RE: https://social.treehouse.systems/@wwahammy/116695372319811855

This!! I am yelling this too!!

And it’s yet another one of the things where now when I yell it, I have to specify that it’s something I’ve been telling students and companies alike since long before the release of GPT, because otherwise people assume it’s just a reaction to gen AI:

“Generating code is by •far• the easiest part of programming.”

“No matter the source, don’t let code into your project unless you understand what it does.”

“Programming languages exist for humans to communicate with other humans. Code does not just make machines go; it encodes and reifies human mental models. Good code communicates •intent•; very bad code has no coherent intent at all.”

and so on

@inthehands Yup. 100% this.

When I manage developers (and when I talk with people about careers in development) I explain that communication within your team IS the job. The lines of code is the easy stuff - the conversations about what to code, who should do what/when, the approach to take, how to test it, how to verify it, how to deploy it with limited risk (and how to recover if a problem shows in up production etc)

All that IS the job. The code is the easiest bit. The communication is key

@inthehands all processes within a development team - meetings, code reviews, source code management tools etc - they are all there to facilitate communication. In places they are there to force conversation (with locks or merge conflicts).

Clear communication - clear presentation of ideas/options - clear documentation (before code is written as well as after) IS the job.

It is one reason why the best technologists I have ever worked with tend to have been PHILOSOPHY majors not CS majors

@inthehands learning a specific language, or library, or tool - that easy.

Learning how to work well with others. How to break complicated ideas down into a clearly thought out process - that's hard. And that's the job of developers, managers and teams - to turn a list of goals and a vision of what could be into the iterative steps to take whatever existing systems you have to fulfill that vision (and to continue to provide the value your systems offer)

@Rycaut @inthehands

Yes, that's the job of *HUMANS*.

We employ humans to do this work.

Because if it could be done with predictable algorithms, then we would have automated it.

@Rycaut @inthehands sounds familiar. I always have to tell my colleagues that answering e-mails and consulting colleagues IS their job, not something that disturbs their job...

@EvelineSulman @inthehands yes. And this is where I also disagree with some folks about the value of those mythical “10x” engineers who just want to write code but never want to talk with colleagues, check in their code with empty or one line descriptions “fixed bugs” or “added machine learning” and otherwise don’t work with the team.

They almost always are a bigger risk than reward - when they leave their code is typically nearly impossible for anyone else to maintain and often is a black box

@EvelineSulman @inthehands the real superstar developers are the folks who not only write good code but also write great descriptions, mentor others on their code, collaborate with the team and teach new and old developers new tricks and skills. I’ve know some folks like this - they were incredible managers, brilliant technologists and left their teams and the company as a whole stronger and more resilient because while they were good they also played well with others and raised everyone up

@inthehands

In principle I like this.

But in practice. -even before AI - how often did you use a library (paid or open source) that you just trusted worked?

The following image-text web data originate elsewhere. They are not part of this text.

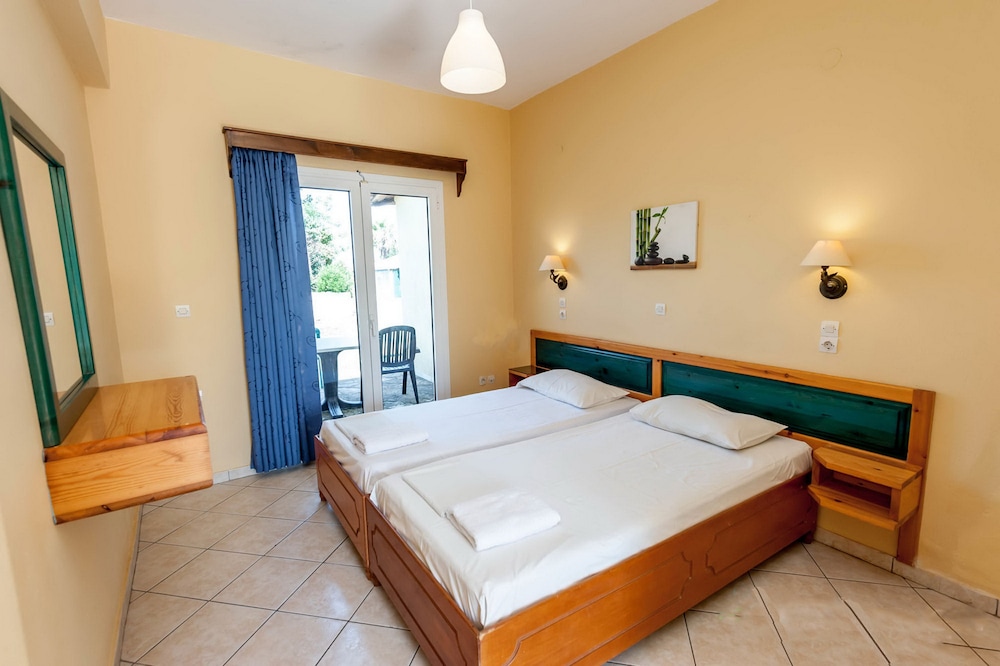 Basic Studio, Multiple Beds, Non Smoking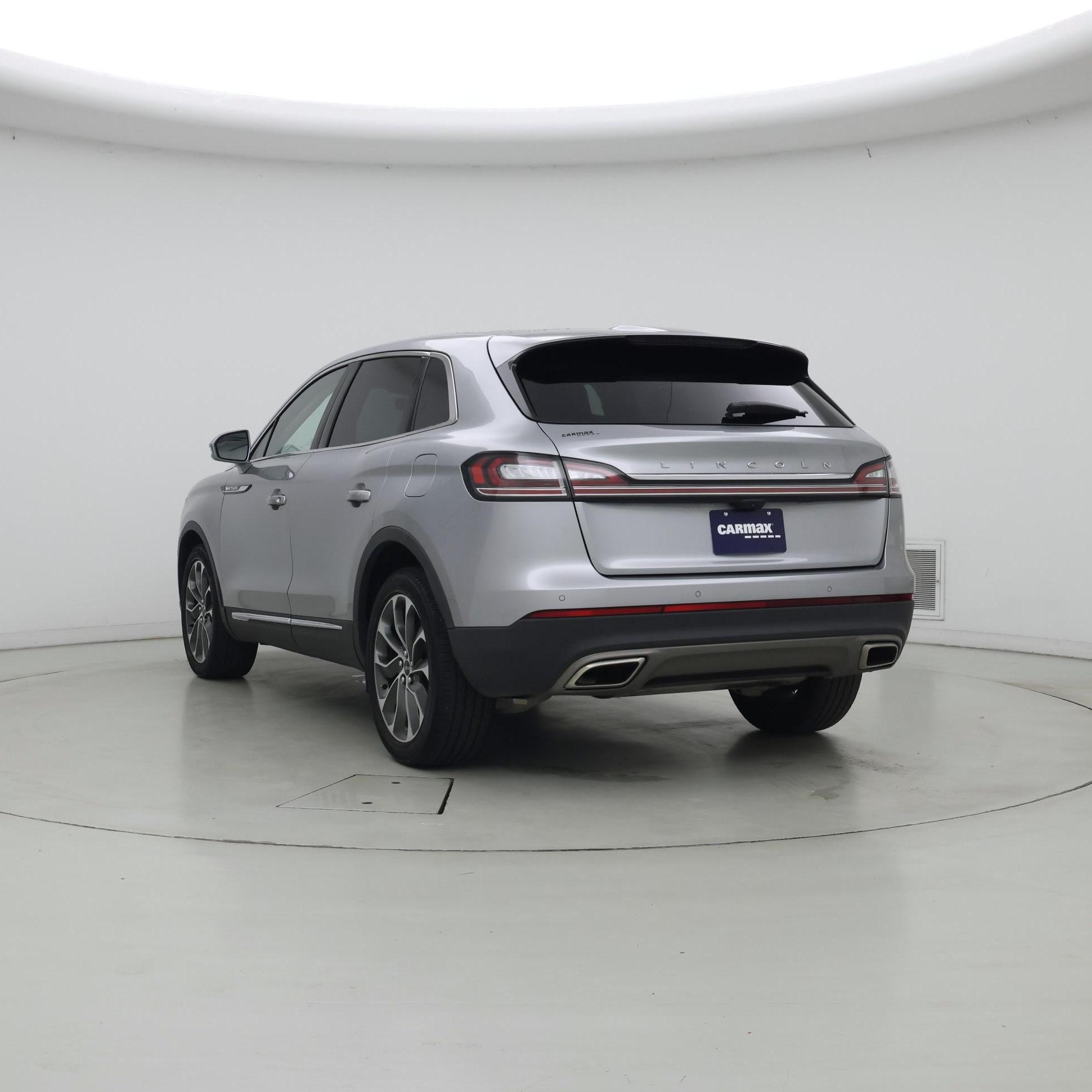 Thumbnail: 2023 Lincoln Nautilus - 2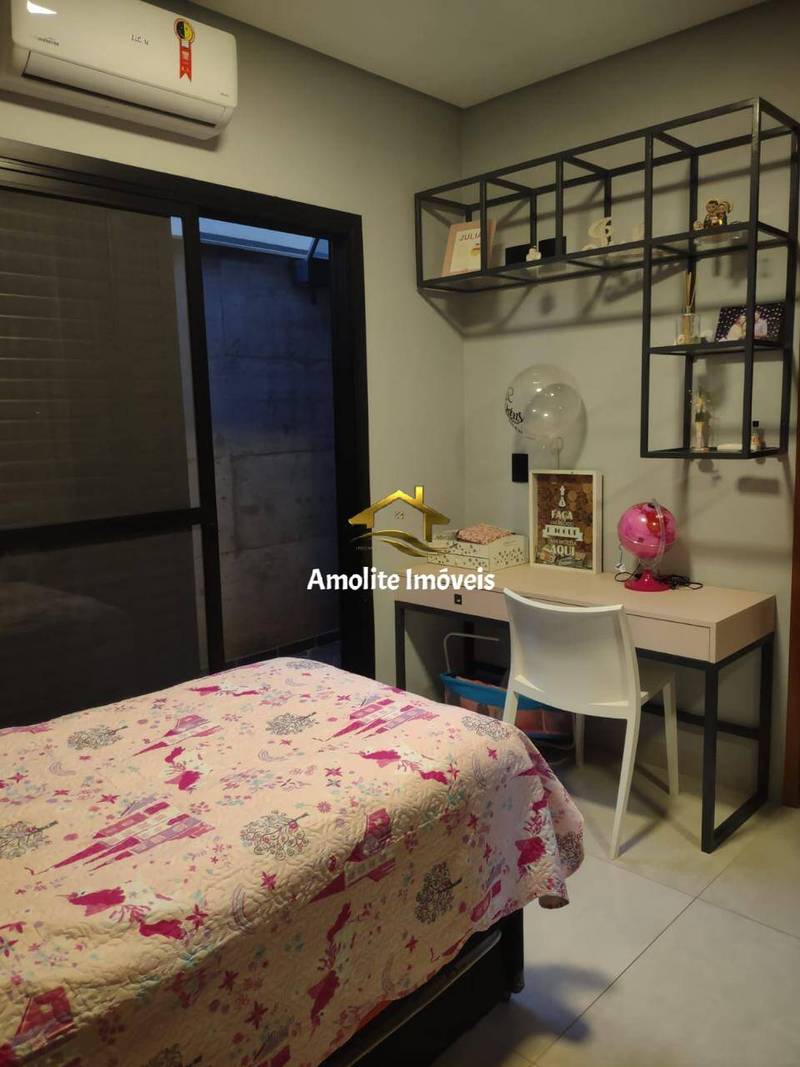 Casa de Condomínio com 4 quartos à venda, 240m² — foto 10 de 17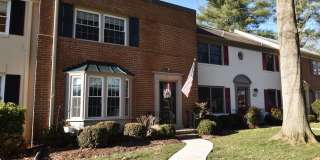 8244 CARRLEIGH Parkway Gallery 1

Did you understand every single line of all its dependencies?

@vashbear
It’s a good question. The maxim does not apply to the transitive closure of all dependencies! It applies to code you are bringing into your •own• project (and thus taking on the responsibility of maintaining). To introduce a dependency is to delegate responsibility for understanding and maintaining that particular code to other people, which is a form of trust. Of course trust is no guarantee of anything, and trust can be broken and can be misplaced, but trust is still necessary — both to have computing to have a society.

@inthehands @vashbear

OK, for those who do responsible "due diligence" work on all the third party libraries you add, include, and update, …

What about your tool/languages libraries?

What about the operating system itself?

Remember: "Operating Systems" started out as "Here are some useful library routines that others wrote, and we all share."

@JeffGrigg @inthehands @vashbear

I'm also amused when I solve a problem with core OS tools and calls, often with little effort above reading the docs and understanding the underlying model.

There's always someone who needs an epipen, though, after I use m4.

I do see where the micro-kernel people are coming from.

We had a koan in one group: "You must know how to write a binary search. You must never write a binary search."

@TallSimon @inthehands @vashbear

Yes! Exactly!

Not long ago, I was "handed" AI generated JavaScript to decode and unzip the data returned by a web service.

The code did not work.

So I worked on it a bit, and got it working.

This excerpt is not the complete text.